According to the West Texas Intermediate (WTI) statistics for April, crude oil prices fell by 1.6% and closed at $48.49 per barrel on the 10th of March this year, falling below the 200-day moving average.
Basically, such prices fell by 9% in the last three trading sessions, trading at a three-month low. According to experts, this was due to several reasons, including a rise in oil production in the US to a 13-month high; a massive increase the country’s oil inventories to a new record; a record increase in the number of the country’s oil rigs; the production cut by major oil companies not able to remove surplus oil from the global market; and Russia’s lower compliance to the production cut deal last month.
From December last year to early March this year, crude oil prices were said to be at a range-bound between $50 and $54 per barrel.
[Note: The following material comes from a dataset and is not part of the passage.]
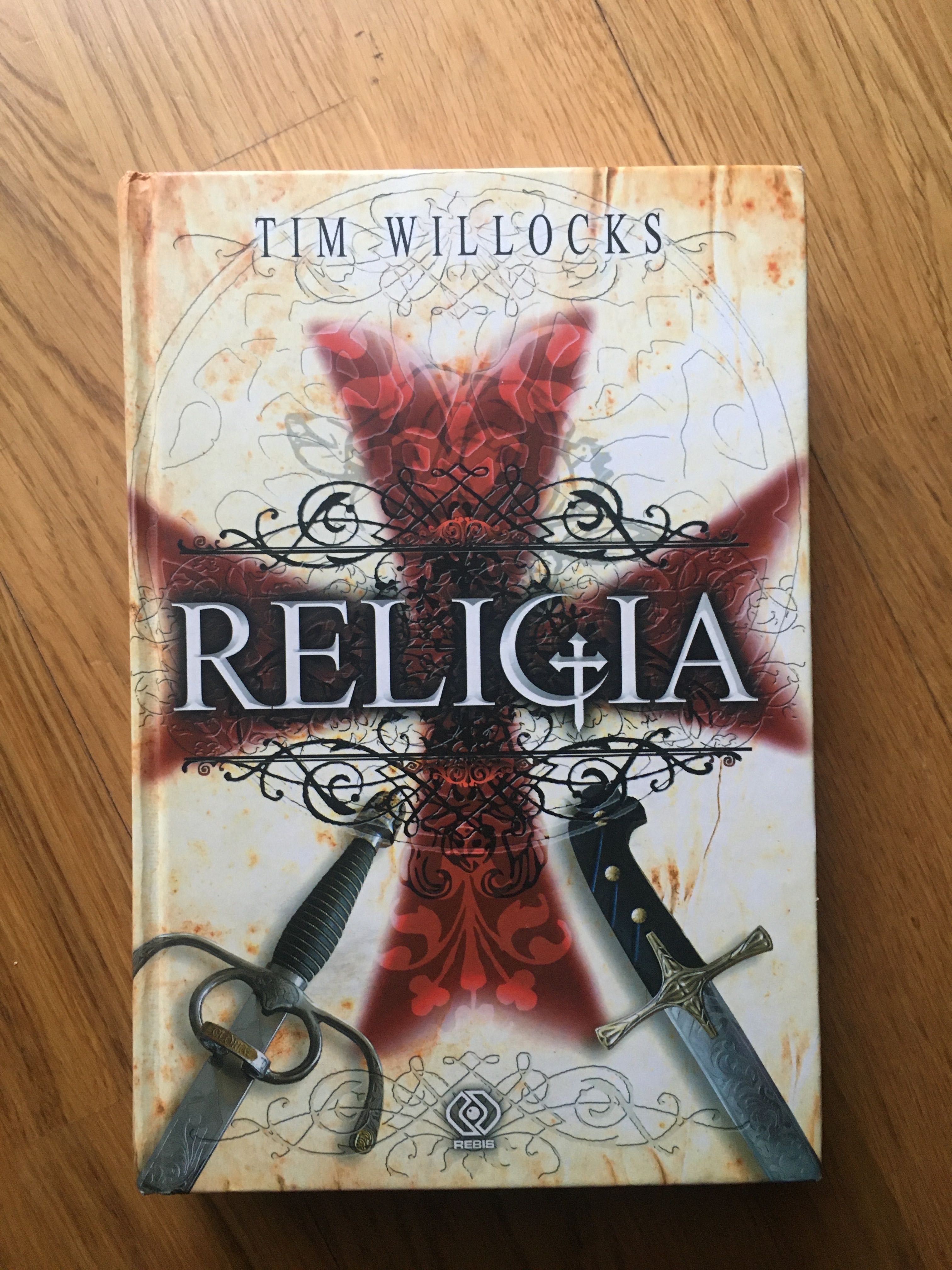 Religia Tim Willocks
However, prices had fallen below $50 per barrel on March 9.
And recently, crude oil futures are hitting below their 20 and 50-day moving averages of $52.5 and $52.7 per barrel, suggesting that prices are experiencing a bearish momentum.
According to the senior analyst at Kase & Company, Dean Rogers, the recent crash tested key technical levels of support that is established this 2017, dropping below standard moving averages for the first time since the deal with Organization of the Petroleum Exporting Countries (OPEC) was announced. He said:
“The move down is in oversold territory, but otherwise, there is very little evidence that it will end.”
All these things indicate that the uptrend is reversing. Meanwhile, broader markets like the S&P 500 and the Dow Jones Industrial Average have increased by 0.3% and 0.2%, respectively.